No hurry, I'll be waiting. You'll do me a favour.

But maybe there is no point in discussing everything at once. In order
to convince me to what is after "Similarly", first you have to convince
me to what the Standard means before the word. I still don't see why
void* and char* types should have the same alignment requirements,
and that the Standard actually requires it at all.
 
K

Keith Thompson

S.Tobias said:
But maybe there is no point in discussing everything at once. In order
to convince me to what is after "Similarly", first you have to convince
me to what the Standard means before the word. I still don't see why
void* and char* types should have the same alignment requirements,
and that the Standard actually requires it at all.

Just a quick thought. It's entirely possible that the standard is
over-specified in this area, and that there's no real advantage in
requiring void* and char* to have the same representation and
alignment requirements. (I'd have to spend some time thinking about
it to decide whether that's the case or not.) Even so, C99 6.2.5p26
does require them to have the same representation and alignment
requirements, at least according to my interpretation of the text.

In order for this to refer to the alignment of what they point to,
rather than the alignment of the pointer objects themselves, we'd have
to assume that in the phrase "the same representation and alignment
requirements", "representation" refers to the pointers (since there is
no representation for void), and "alignment requirements" refers to
the alignment of what's being pointed to. I suppose that's not
entirely unreasonable, since even in this sense the "alignment
requirements" of a pointer are arguably a property of the pointer
itself.

But we already know the alignment requirements of what void* and char*
point to: both types have to be able to refer to any byte in any
object. An additional explicit statement to that effect in 6.2.5p26
would be logically redundant (rather than just possibly unnecessary).
The only way 6.2.5p26 makes sense to me is if it refers to the
alignment requirements for char* and void* objects, not for what they
point to.

Here's a (rather silly) program that, I believe, is guaranteed to work
given the requirement in 6.2.5p26, and wouldn't be guaranteed to work
without it:

#include <stdio.h>
int main(void)
{
char obj;
char *c_ptr = &obj;
void *v_ptr;

v_ptr = *((void**)&c_ptr);

printf("c_ptr = %p\n", (void*)c_ptr);
printf("v_ptr = %p\n", v_ptr);
return 0;
}

It assigns the value of c_ptr to v_ptr by pretending that there's a
void* pointer object in the location of c_ptr. There's no char* to
void* conversion, implicit or explicit, so the compiler doesn't have a
chance to allow for any difference in representation or alignment. If
we used an int* rather than a char*, 6.2.5p26 wouldn't apply and we'd
have undefined behavior; int* and void* needn't even be the same size.

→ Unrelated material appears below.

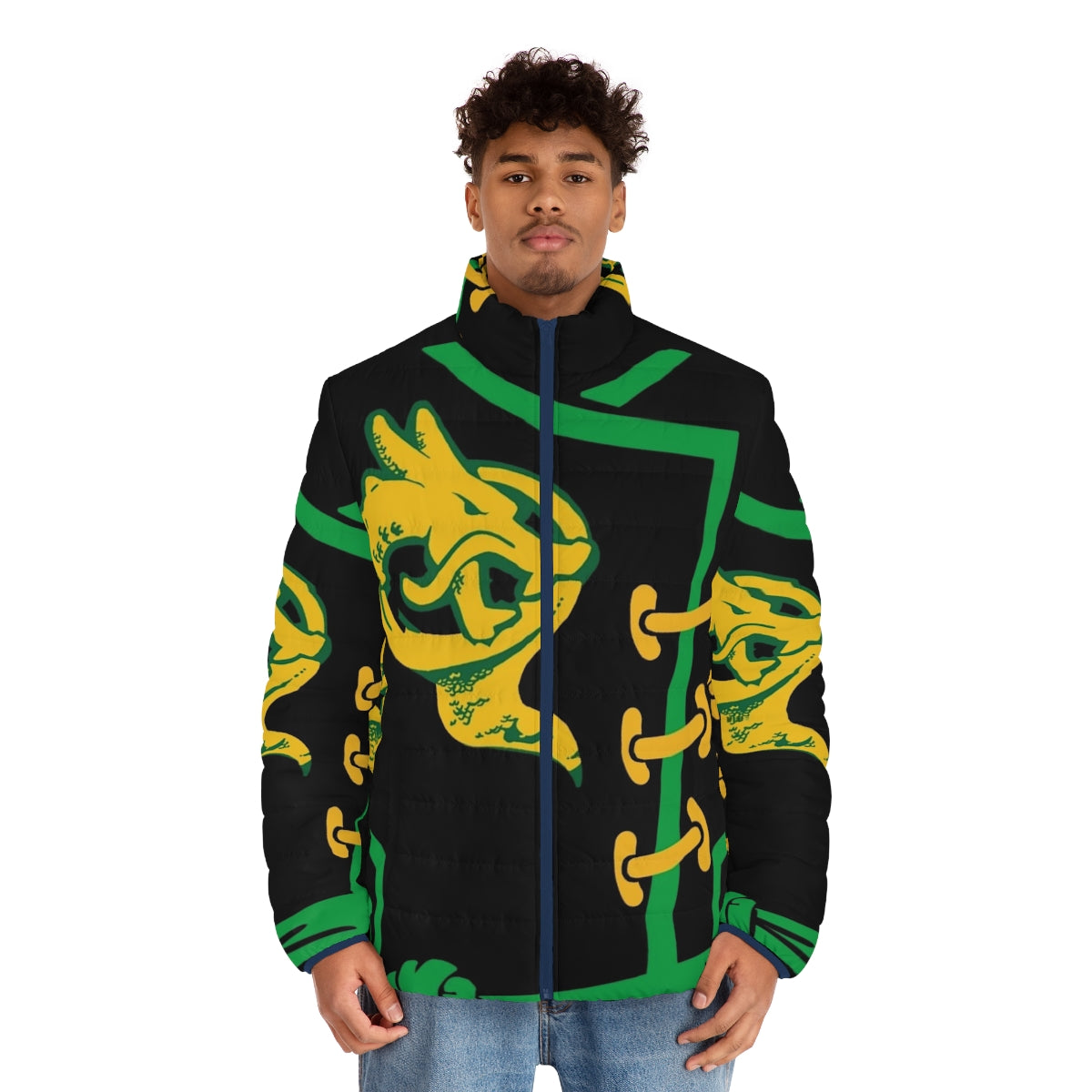 A puffer jacket with the Lloyd Garmadon design from the Ninjago series. - men front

(gcc with too many warnings enabled complains that "dereferencing
type-punned pointer will break strict-aliasing rules".)
 
M

Mark F. Haigh

Keith Thompson said:
Flash Gordon said:
I would like to check if I understand the following excerpt correctly:

6.2.5#26 (Types):
All pointers to structure types shall have the same representation
and alignment requirements as each other. All pointers to union
types shall have the same representation and alignment requirements
as each other.

Does it mean that *all* structure (or union) types have the same
alignment?
Eg. type
struct { char c; }
and
struct { long double ldt[11]; }
have the same alignment requirements?

Yes. Think about what what has to be done to implement pointers to
anonymous structs. When the compiler is compiling a piece of code that
increments a pointer to an anonymous struct all it knows is that it is a
pointer to a struct, so how else could this have been done?

When 6.2.5 discusses the alignment requirements of various types, it's
clear that it's referring to the alignment of objects of the type
itself. It uses similar wording in 6.2.5p26, so I think it's
referring to the alignment of a pointer object, not the alignment of
what it points to.

Correct.

I believe that an implementation in which pointer values are simple
byte addresses, small structs (struct { char c; }) have, say, 1-byte
alignment, and larger structs have, say, 4-byte alignment could be
conforming. Can you think of a concrete example where this would
cause problems?

No, that will not cause any problems. Many implementations do this,
including the one I'm typing this response from.

Assume in the following that sizeof(int) == 4.

On some hardware, an int can be accessed more efficiently if it's
aligned on a 4-byte boundary, but can still be accessed if it's merely
byte-aligned. An implementation could consistently choose to align
all declared int objects on 4-byte boundary, but use byte alignment
for struct members that are of type int (to save space). Or vice
versa.

I'm not saying that this would be a sensible thing to do, but it's
legal.

Right. It's an ABI issue, and many compilers have command line
switches that determine which ABI they target.

A quick example:

-malign-double
-mno-align-double
Control whether GCC aligns double, long double, and long long
variables on a two word boundary or a one word boundary. Aligning
double variables on a two word boundary will produce code that
runs somewhat faster on a Pentium at the expense of more memory.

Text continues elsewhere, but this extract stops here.